Thanks Alan, I knew that there would be an answer, just got to find the right person - much appreciated


----------



## Deleted member 207 (Aug 11, 2011)

These are popular amongst the 4x4 community in Aus Glind 4WD RV Boat Camp Shower and DIY Storage Hot Water Systems | Flojet pressure pumps | Marine Heat Exchangers - Home I'm sure something similar is available in the UK.
A few friends have had them over the years with varying degrees of happiness.


----------



## donkey too (Aug 11, 2011)

I use a solar shower in summer and the electric one in winter. Both clip onto tailgate.

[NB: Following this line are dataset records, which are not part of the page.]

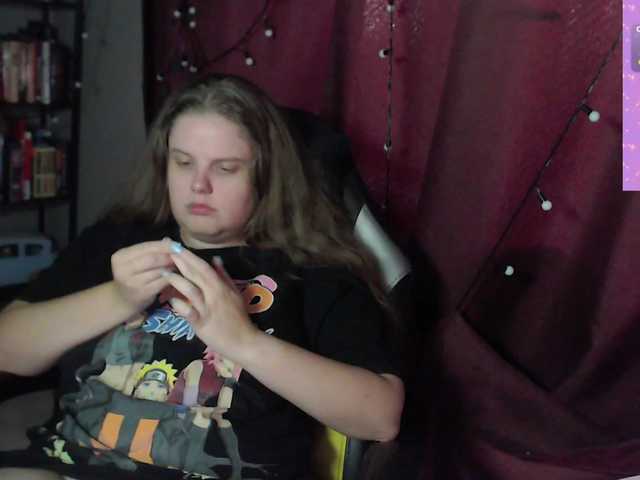 sweet    cute online show from September 10, 12:59 pm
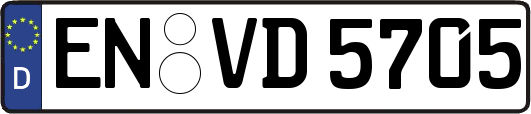 EN-VD5705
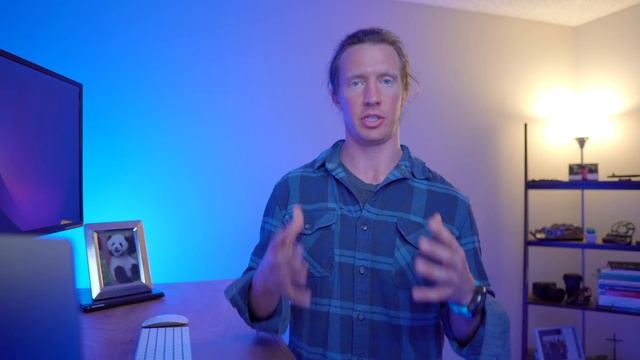 Mac vs PC for Data Science (SPOILER: Don't get a Mac...) смотреть онлайн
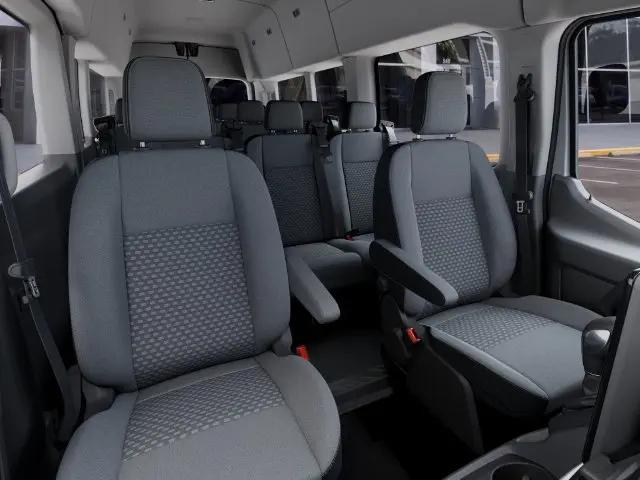 2027 Ford Transit-350 Passenger Van XLT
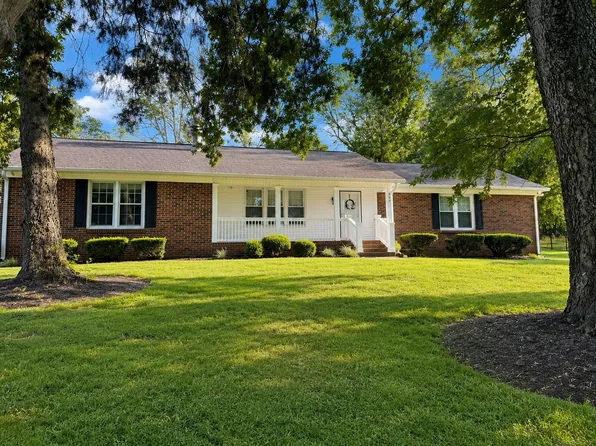 307 Tom Robinson Rd, Franklin, TN 37064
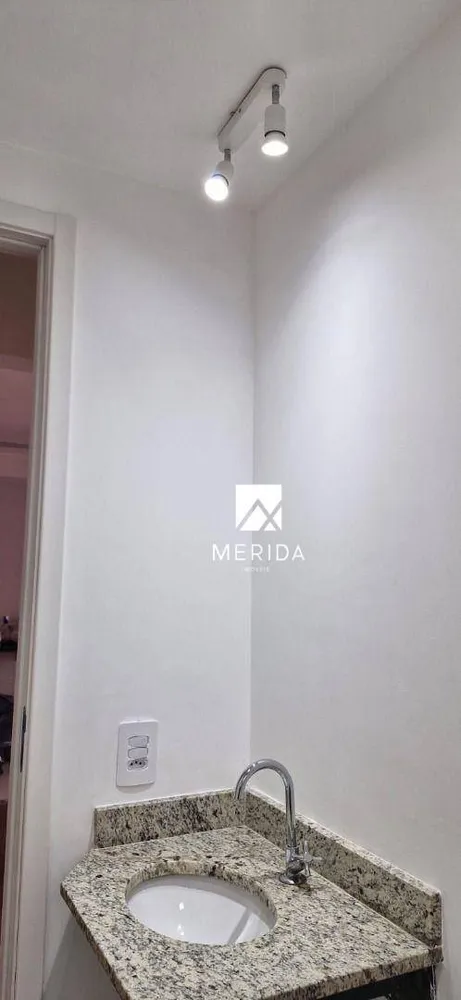 Apartamento, 2 quartos, 50 m² - Foto 16
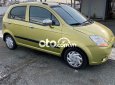 Chevrolet Spark 2010 - Cần bán xe Chevrolet Spark 2010, màu vàng, nhập khẩu nguyên chiếac, 150 triệu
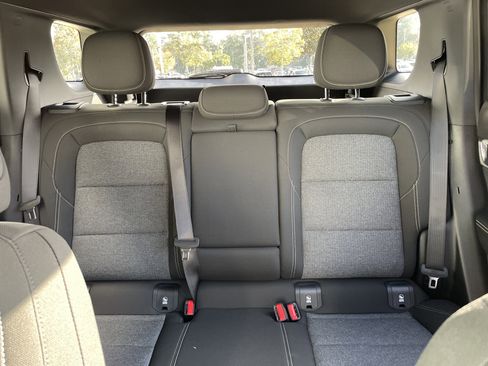 New 2026 GMC Terrain Elevation w/ Black Edition image 13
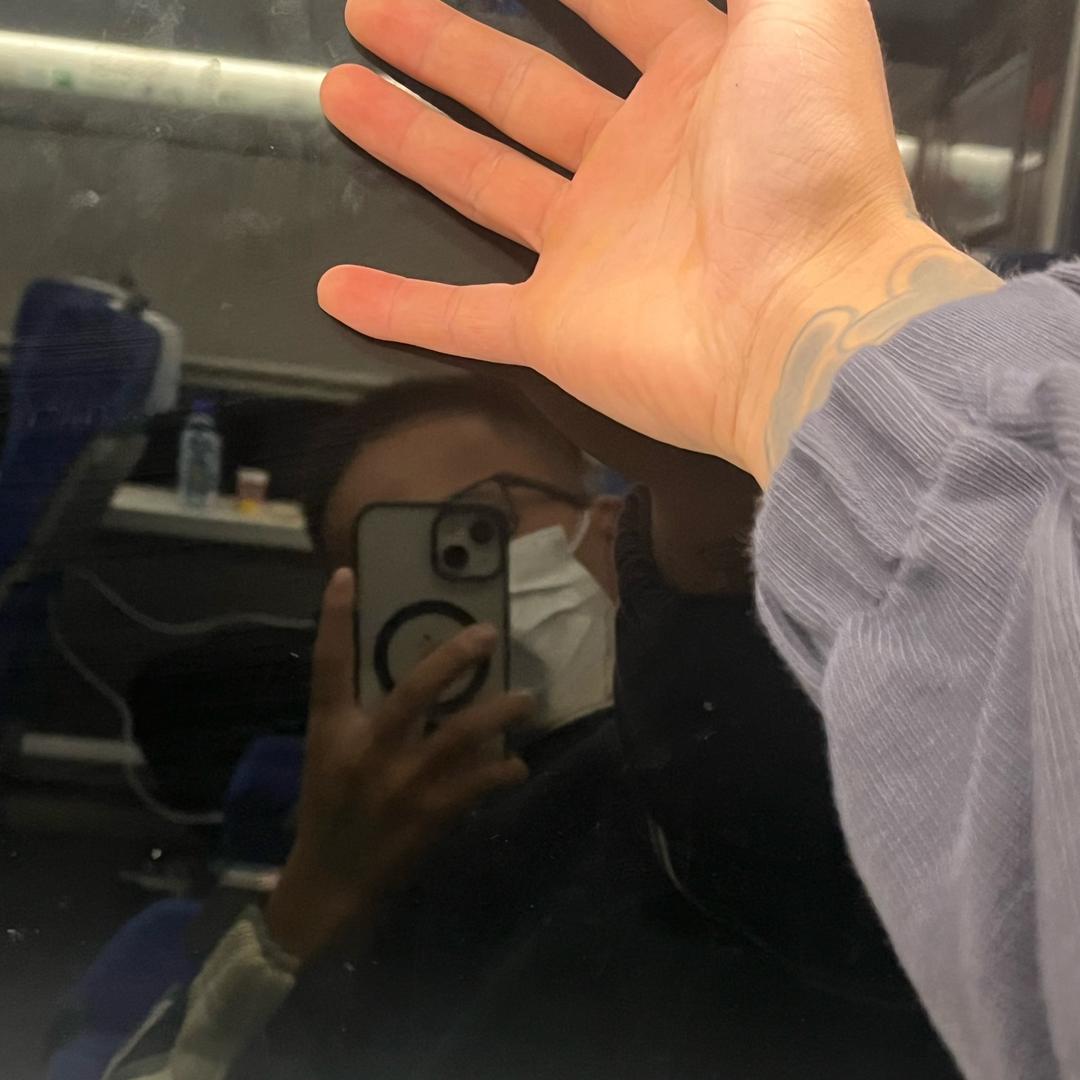無愛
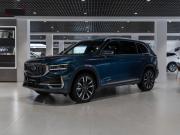 Geely Monjaro I Москва  - изображение 30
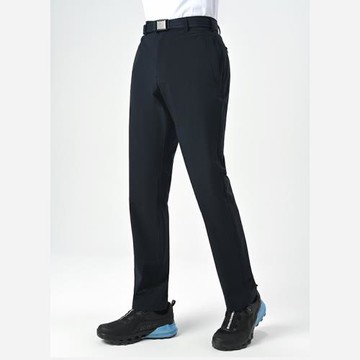 BLACKYAK布來亞克男士商務褲春夏戶外舒適透氣彈力休閑長褲SNM003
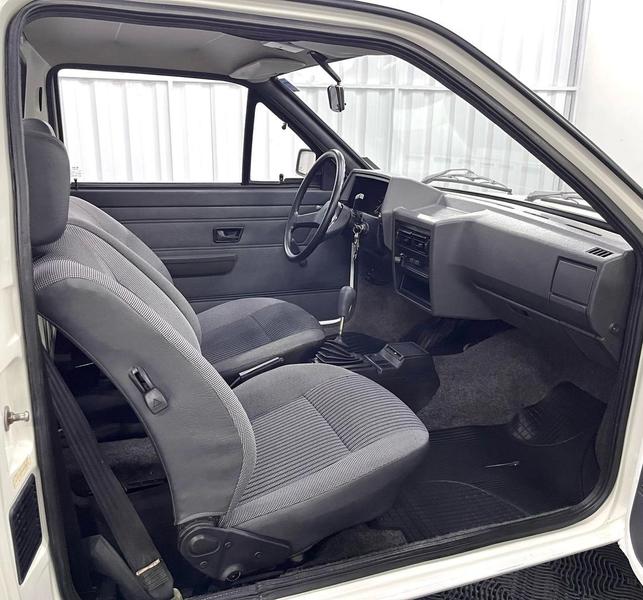 Volkswagen Saveiro Cl - foto 10
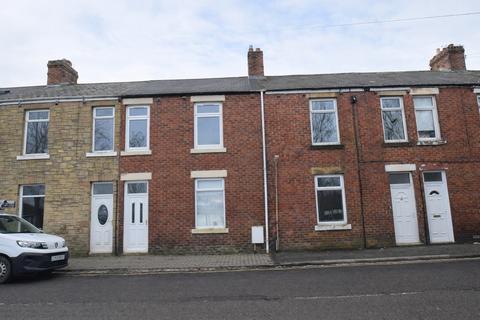 3 bedroom terraced house to rent, Standerton Terrace, Craghead, Stanley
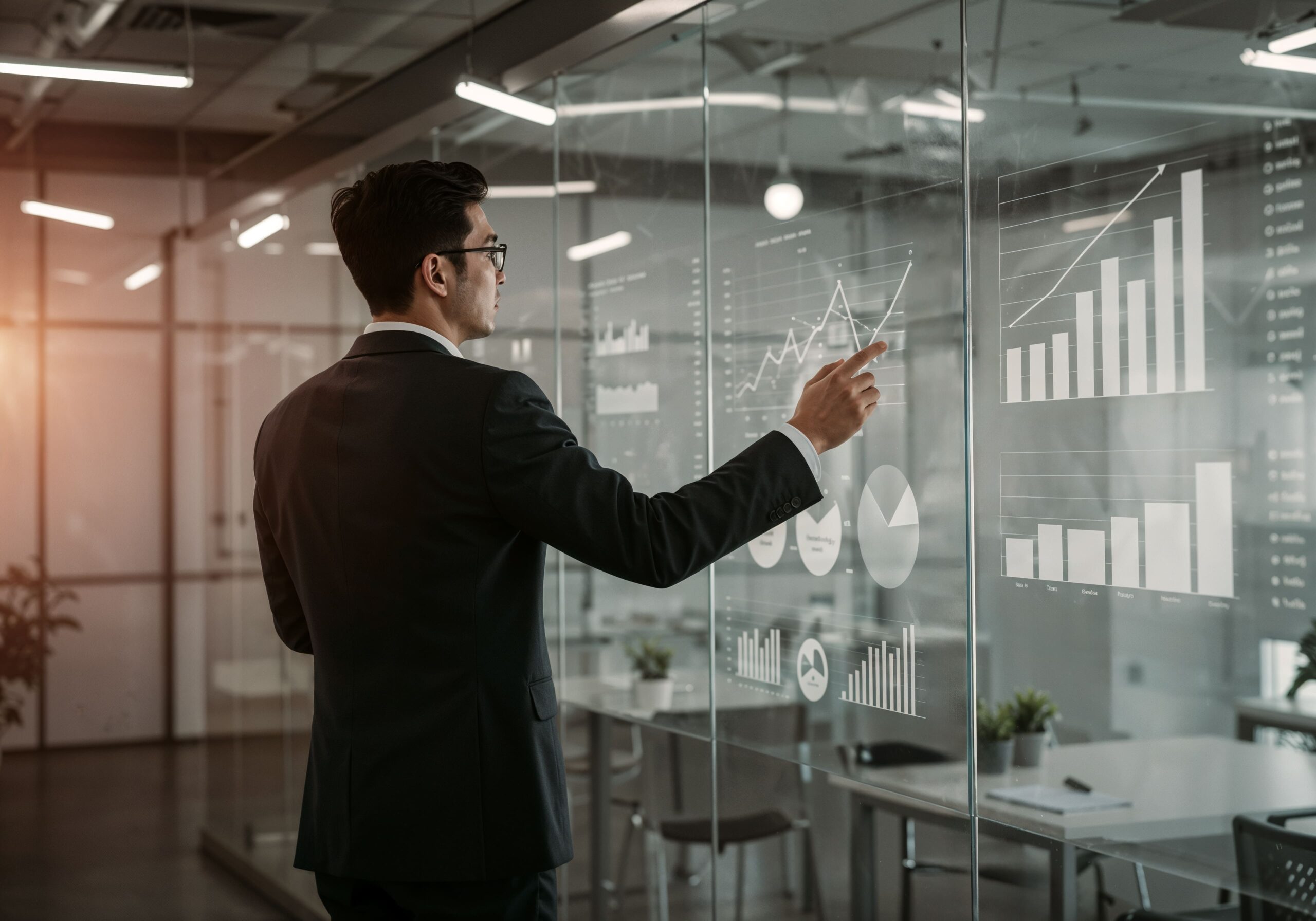 Sistema de gestão empresarial: o elo crítico entre estratégia e execução nas organizações 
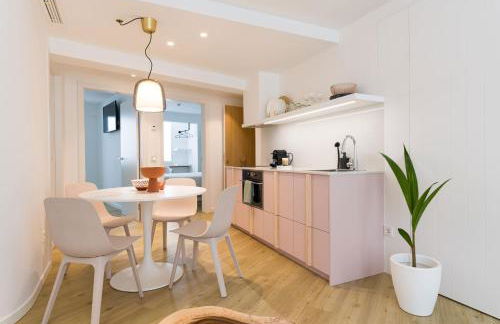 SEIS ALDABAS Apartamentos - Photo 19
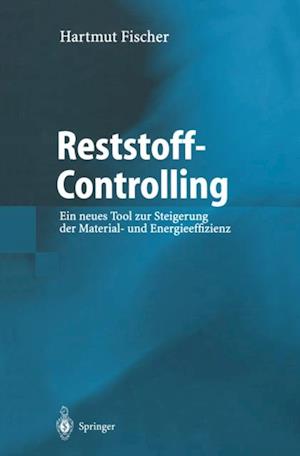 Reststoff-Controlling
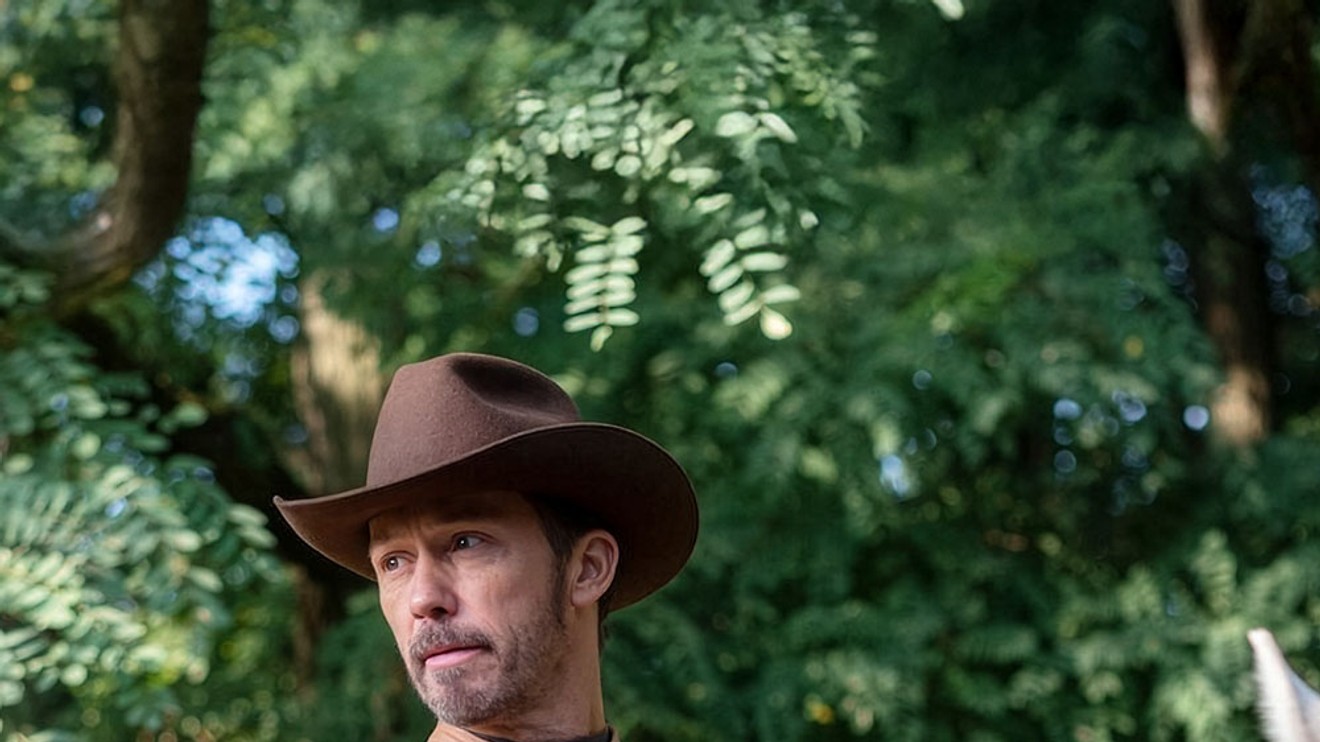 R.I.P.D. - URNA: Útvar rozhodně neživých agentů 2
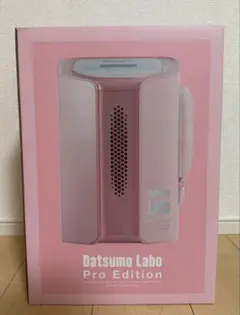 脱毛ラボDatsumo Labo DL006 PINK 脱毛・除毛 Datsumo Labo DL006 PINK Amazon | 脱毛ラボ 【公式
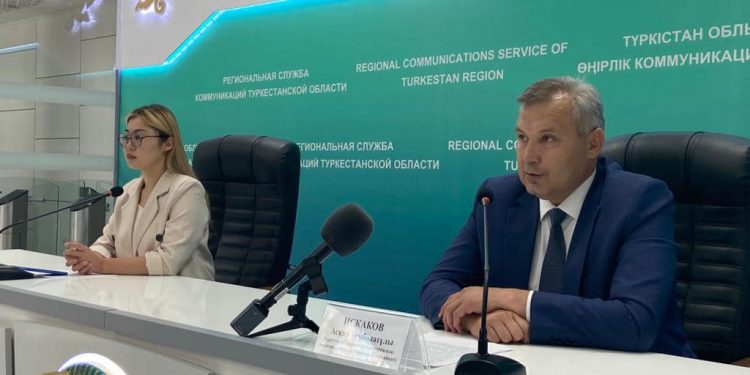 Жазғы лагерьлердегі санитарлық талаптардың сақталуы бақылауда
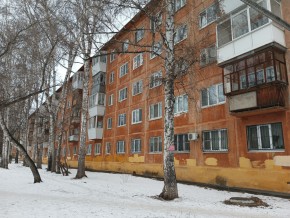 ул. Избирателей,13 в Дегтярске - degtyarsk.yutvil.ru - фото 26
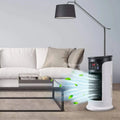 Portable Air Conditioner | Indoor Cooling & Dehumidifying Unit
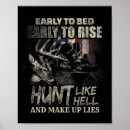 Search for hunting posters Arrow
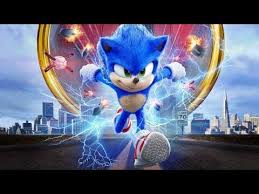 Sonic La Pelicula Pelicula Completa En Espanol Latino Sonic La Pelicula Hd 1080p Youtube In 2020 Hedgehog Movie Movie Wallpapers Free Movies Online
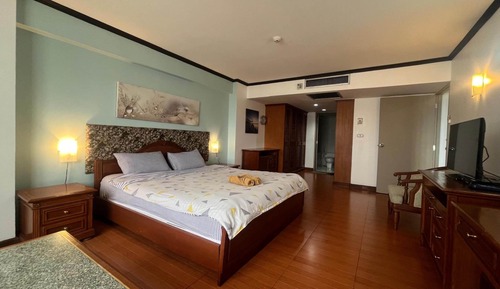 Suite ejecutiva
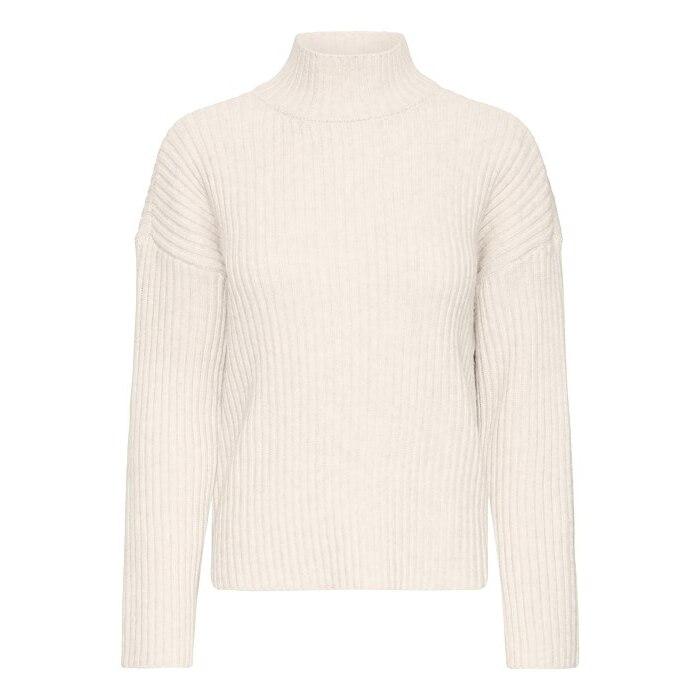 5715750232858 - Rollkragenpullover Damen Elly 4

I have a tailgate awning thingy bought from Bongo fury which fits around the edge of the tailgate when it is open and often sleep with this open on very hot nights. but when showering I hang a domestic shower curtain in the awning (it fits with velcro) and shower away. I also have a rubber mat which goes on the floor to keep feet clean.


----------



## Admin (Aug 11, 2011)

My Bongo had a tailgate shower, it was basically the shower head from the sink which has a long pipe. It comes with the factory fitted kitchen


----------



## shiningivy (Aug 22, 2011)

Thanks to all for piccies and links - I have got some good ideas now and I am off this weekend to pick up my very first Bongo! Cheers guys


----------



## cooljules (Aug 22, 2011)

i want to add a shower next year.


----------



## Admin (Aug 22, 2011)

I love Bongos however I wish that;

They were wider inside.
Had sensible engines.
You could rotate the front seats.


----------